Just days after the personal information of Ledger customers was dumped on a hacker site called ‘Raidforum’, victims were being targeted by e-mail and SMS phishing campaigns. But the certain malicious entities have gone a bit too far as reports now suggest not just a spate of hacking and phishing attempts but even more distressing incidents especially for the ones who had their home addresses revealed.
In an alarming situation for the breach victims, details of kidnapping and murdering threats given by the attackers to victims have emerged. In the latest reddit thread, a Ledger user, whose personal details were compromised, claimed to have recoeved a phone call threatening kidnapping and murder. The attacker allegedly demanded 10 XMR by midnight and also threatened the victim of physical violence if the ransom is not paid.

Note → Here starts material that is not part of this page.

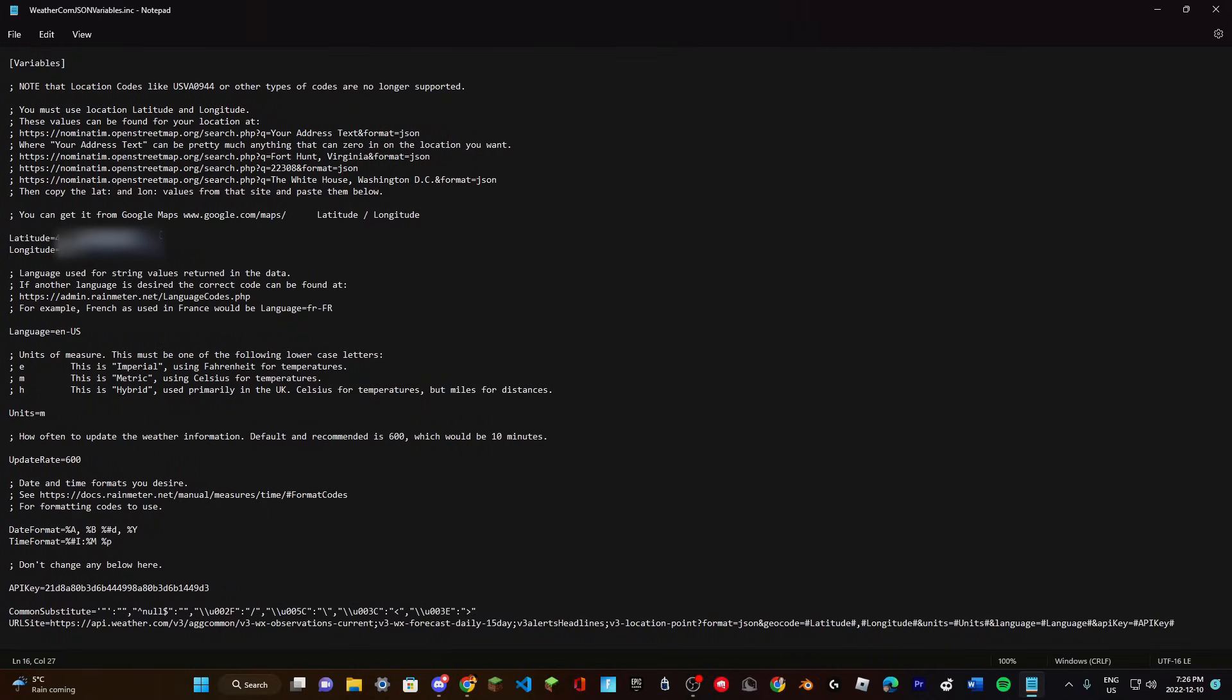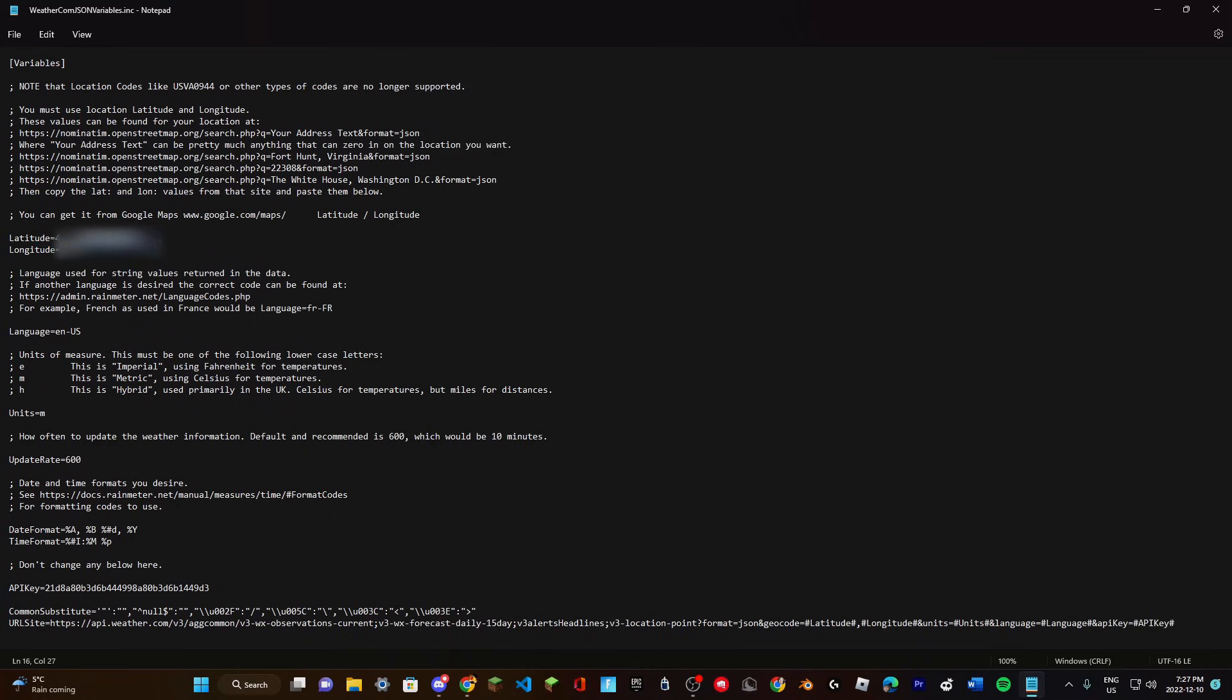Click on the option that has two really big numbers and it'll automatically copy. Then paste it into the config file. Make sure you put the second number into the longitude field and the first number in the latitude field, and get rid of the comma between them.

“He demanded 10 XMR and said if it’s not sent by midnight, he will show up at my house, kidnap me, and “stab to death” any relatives living at my address. I was able to record this phone call as I put him on speaker phone.”
The Ledger situation gets worse and worse. If this doesn't apprise people of the danger of data over-collection (whether by public or private actors), I don't know what will. pic.twitter.com/bHxxXMj2jc
— Rafael Yakobi, Esq. (@Deliver8tor) December 22, 2020
While the Ledger customer did take the help of the local police, this breach has caused severe distress among the community members whose personal information were dumped on the site. Several users have reported phishing emails. Another user under the pseudonym ‘JimboChewdip’ reported a sim swapping incident which cost him $2k. The attacker was able to access the victim’s phone, thereby changing passwords on several platforms.
@ledger is hacked, and the next day I have my sim hacked! WTF. Its currently happening. No service on my phone, they got into authenticator app and are requesting password changes to several sites including @coinbase. #crypto Not even sure what to do.
— JimboChewdip (@jimbochewdip) December 22, 2020
Ledger CEO Pascal Gauthier had recently apologized for the event and clarified that the data breach has no link nor impact on its hardware wallets, the app or customer funds and concerns only e-commerce related information.
The exec further noted that the goal of the platform was to provide its customers with the best protection and security for their digital assets. However, he went on to confirm that the firm would not be providing any compensation for victims who had their home addresses revealed
That’s precisely Ledger’s mission: we continuously invest to improve security standards. That’s also why we won’t be refunding customers like some have suggested – instead, the best and most sincere thing we can offer is our dedication to being better and making these investments to continuously upgrade the security of the products we make available for you.